Les conséquences n’en seraient pas moins compliquées car un très grand nombre de détails devra être réglé, surtout par Londres qui devra combler le manque à gagner pour les agriculteurs britanniques, compenser les crédits pour les laboratoires de recherche, se doter d’agences de régulation nationales (puisque le pays ne sera plus soumis aux décisions de la trentaine d’agences exécutives agissant au nom de la Commission telle que l’autorité européenne de sécurité des aliments), trouver un compromis au sujet des fonctionnaires européens britanniques, renégocier les accords portés par l’UE avec les Etats d’Asie, d’Amérique latine ou d’Afrique (baisse des droits de douane, coopérations judiciaires, etc), remplacer les règlements de l’UE d’application immédiate qui seront annulés au Royaume-Uni et les substituer par de nouveaux textes nationaux pour éviter les vides juridiques,…

La gestion de la politique migratoire, très présente dans la campagne des pro-Brexit, sera, paradoxalement, un élément important à gérer pour le Royaume-Uni s’il venait à quitter l’Union.

Les services juridiques du Conseil européen et de la Commission étudient activement les différentes options si la procédure de divorce était amenée à être prononcée. Celle-ci ne débutera que quand le Premier ministre britannique aura envoyé une demande d’activation de l’article 50 du traité de l’Union au président du Conseil européen. Précisons que cet article, une « clause de retrait volontaire et unilatéral », ajouté dans le traité de Lisbonne en 2009, n’a jamais été encore activé.

Les négociations entre Bruxelles et Londres prendront des années, quatre à six ans au moins, mais dans ce laps de temps d’autres régions risquent de réclamer elles aussi leur« indépendance ». L’Ecosse étant probablement la première d’entre elles.

Comme le soulignent les spécialistes de la politique européenne et les fonctionnaires européens, le commerce ne va pas s’arrêter du jour au lendemain mais les sociétés de services et les industries britanniques vont perdre leur accès privilégié au marché intérieur.

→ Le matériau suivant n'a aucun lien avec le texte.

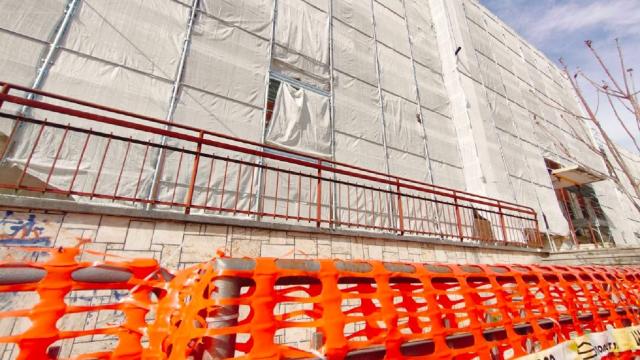 Ascoli Piceno: edilizia scolastica e sisma, in Via Sardegna il contenitore temporaneo per 400 studenti 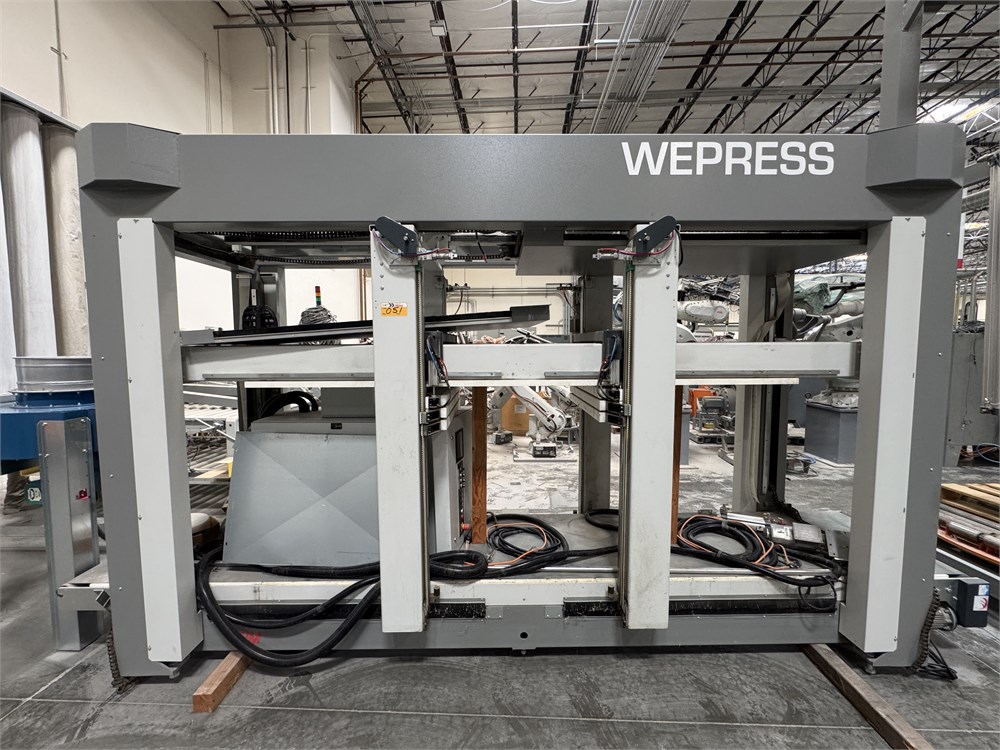 CVM "Webpress Twin EP/820" Feedthrough Case Clamp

Ils paieront probablement des droits de douane beaucoup plus élevés et les banques perdront leur passeport européen pour s’installer et opérer partout dans l’UE.

Quoi qu’il en soit, la situation ne sera pas beaucoup plus claire le 24 juin au matin et tant que le divorce ne sera pas acté par la Commission, qui sera mandatée par les 27 autres pays européens pour négocier, le Royaume-Uni restera membre de l’Union.